- [WHAT YOU WILL DO] Going line by line through the records below, write out everything starting with the line containing "Parte De Los Que Recibieron Reconocimiento" and going on through the line containing "Meclis’te birinci mesai", exactly and inclusively. Pictures do not go in.

==== DATA TO EXAMINE ====

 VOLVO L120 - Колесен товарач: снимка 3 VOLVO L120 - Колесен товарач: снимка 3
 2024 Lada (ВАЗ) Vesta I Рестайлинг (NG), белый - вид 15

====
==== DATA TO EXAMINE ====

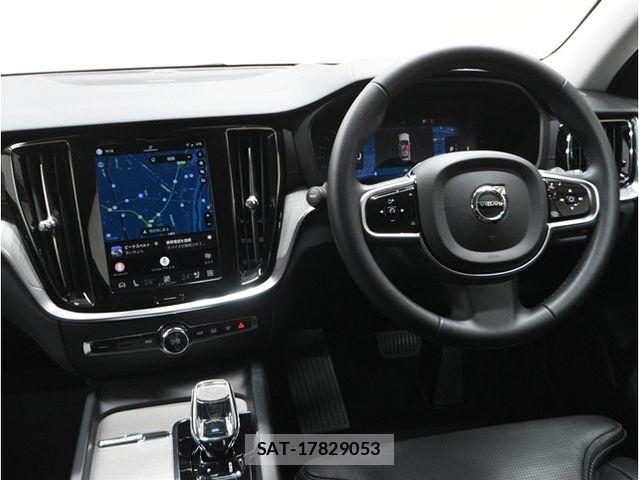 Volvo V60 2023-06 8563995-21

====
==== DATA TO EXAMINE ====

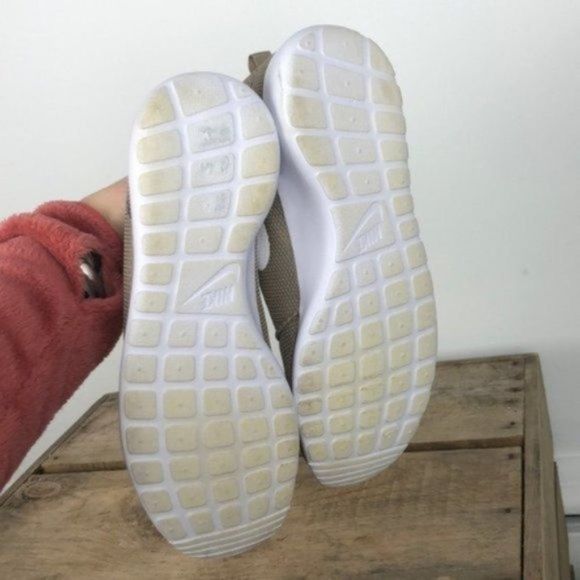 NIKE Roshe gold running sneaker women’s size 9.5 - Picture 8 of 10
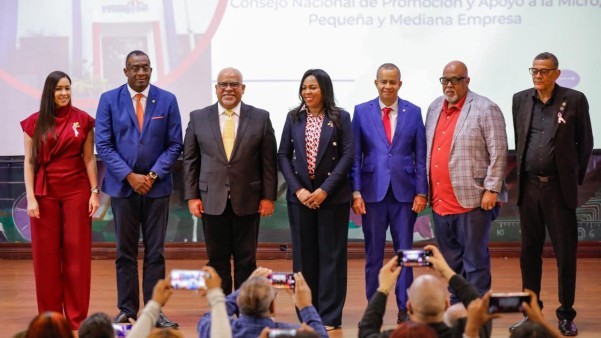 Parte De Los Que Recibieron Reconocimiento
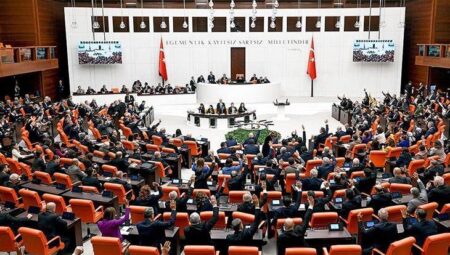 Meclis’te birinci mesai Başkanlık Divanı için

====

- [WRITTEN RESPONSE]
 Parte De Los Que Recibieron Reconocimiento
 Meclis’te birinci mesai Başkanlık Divanı için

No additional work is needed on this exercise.